サラダにかかってるドレッシングからも、ピーナツ油の匂いが(T_T)

ということで、親しくなった、タクシーの運ちゃんに、
「ピーナツ油の匂いがしないものが食べたい」
とお願いしたんですが、連れてってくれたのは、ナシゴレンのお店でした。

現地の人がいくお店らしく、安くてうまかった。
海鮮ナシゴレンは、海老やら帆立やら、ものすごいたくさんの海鮮素材が使われてて、そのダシが効いててむちゃくちゃおいしかった。
……でも……ピーナツ油の匂いの方が強く感じる……(>_<)

「ぴーなつ油の匂いがするよぅ」
と言ったんですが、
「どこに?」
てな感じでしたね。

ロンボク(ロンボクは唐辛子の名前らしい)島では、どの料理にも唐辛子が使われてたような記憶が(^^ゞ

でも、それを食べ慣れてる人にとっては、
「え?そんな味、ついてる?」
なようです。

誰だって、自分が基準です。

アガサ・クリスティーの小説に、「鏡は縦(ツッコミをいただきました。正解は「横」でした。すんません(^^ゞ)にひび割れて」というものがあるのですが、この小説の中で被害者となった女性を、人は、
「親切で明るくて、恨まれるような人じゃなかった」
と評します。

ただ一人、マープル婦人だけが、
「でもあの人は、自分がアップルパイを好きなら、他人も好きだと思いこむ人でしたよ」
と辛口。

はたして彼女は、独りよがりによって人から憎まれ、殺されてたんですけどね……。

当時私は高校生でしたが、この、
「自分がアップルパイを好きなら、他人も好きだと思いこむ」
という言葉はかなりの衝撃でした。

自分の価値観を他人に押し付けることって、無意識にやっちゃってますからねぇ……。

この言葉にショックを受けてから10年以上後、風邪で寝込んでいる旦那に、当時OLとして働いていた私は、雑炊を作って出掛けました。
自分では、「病気の旦那の世話をしてあげてる」みたいなつもりがあったような気がします。

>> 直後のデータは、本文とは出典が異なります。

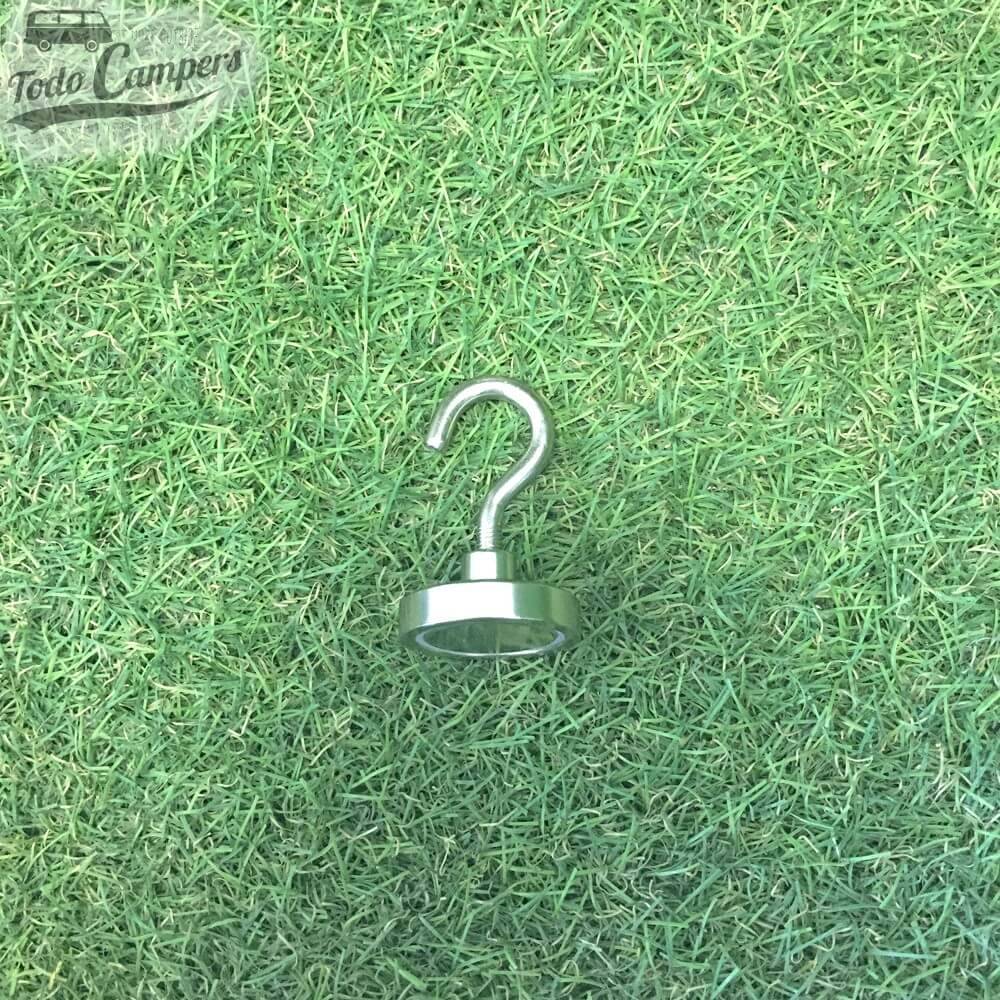 Iman FTN-32 con forma de gancho.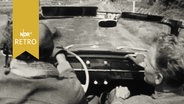 Zwei Männer im offenen Cabrio auf einer Landstraße  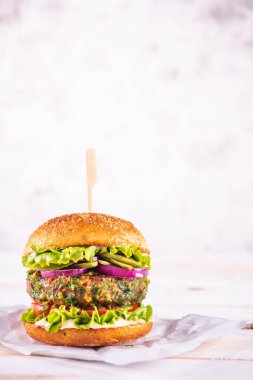 Beyaz bir masada vejetaryen burger ve beyaz bir arka plan. Sebze eti. Yemek hazır.. 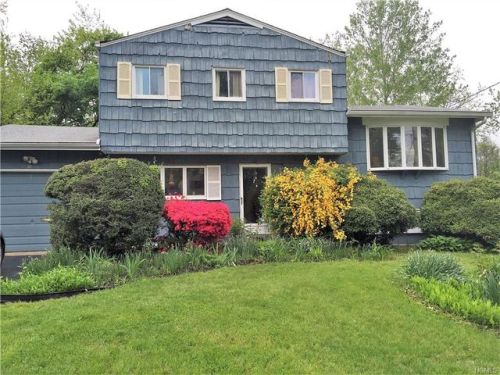 82 Chestnut Oval, Orangeburg, NY 10962-1403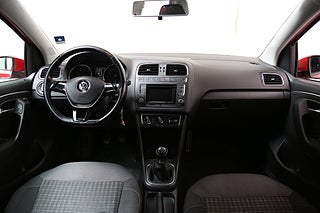 Halvkombi Volkswagen Polo 15 av 21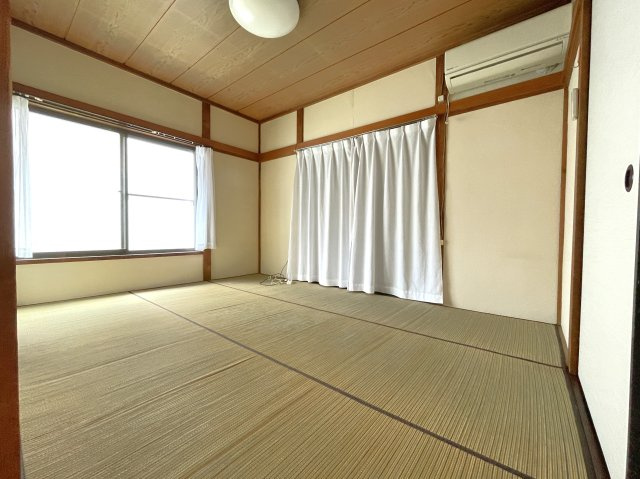 田間江森邸貸家の和室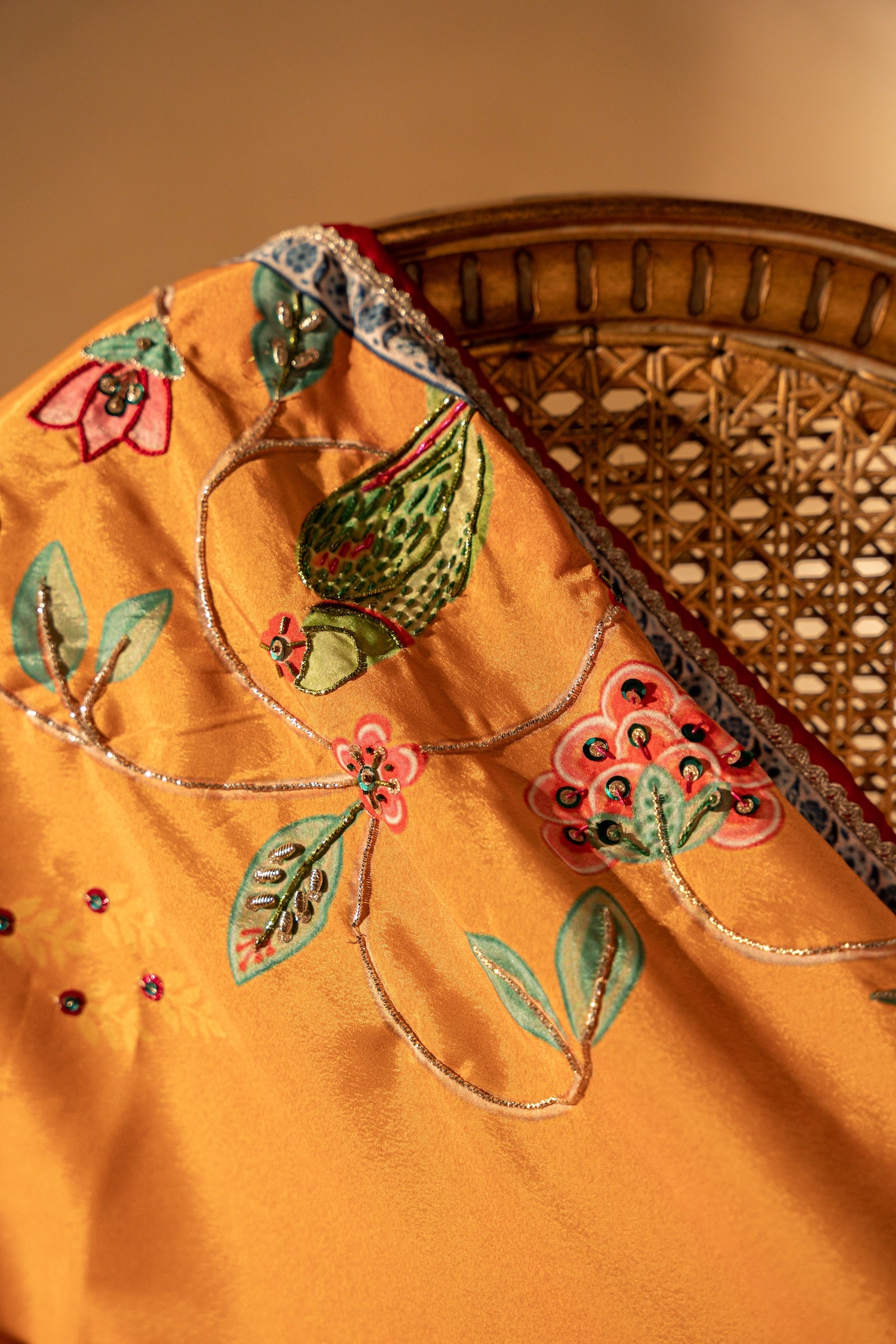 Poshaq Shawl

でも、後で知ったんですが、旦那は雑炊は好きじゃないんですね。
猫舌だから、熱い雑炊を食べるのは、辛かったろうなぁ(^^ゞ
冷めるとどろどろになっちゃうし。

でも、誰しも自分の価値観で生きてるので、それはしょうがないって気もします。
他人の迷惑になることを恐れてたら、何もできなくなっちゃう。
よくよく考えることは大事だけど、考え過ぎて動けなくなっちゃったら意味ないもんね(^^ゞ

とりあえず、
「アップルパイは好き?」
って聞けばいいんですよ。
無理に食べさせてから、
「アップルパイ、おいしいでしょ?」
って聞くんじゃなく。

それだけで、改善できることはいっぱいあるんじゃないかなぁと思います。
ま、難しいんですけどね(^^ゞ

でも、そんなことを考えると、世界は狭くなっていくかもしれません。

だって、
「アップルパイ好き?」
と聞いてまで、アップルパイを提供したいって思う人がそんなにたくさんいるわけないっすもんね。

「アップルパイは好き?」
って聞きながらも関係を築いていきたい人の数は限られてる。

……結局、世界が狭いってことも、悪いことじゃないってことかなぁ。

よくよく考えれば、本当に信頼しあえる友達が何人かいる方が本当の姿かもしれない。

でも、私が小学生の時代には、「たくさん友達がいる人が素敵な人」みたいな風潮がありました。

「誰にでも親切なのが良い人」みたいな風潮もあった。
誰にでも親切になんかしたら、体力疲弊して、一番大事な人を大切にできないじゃんね(笑)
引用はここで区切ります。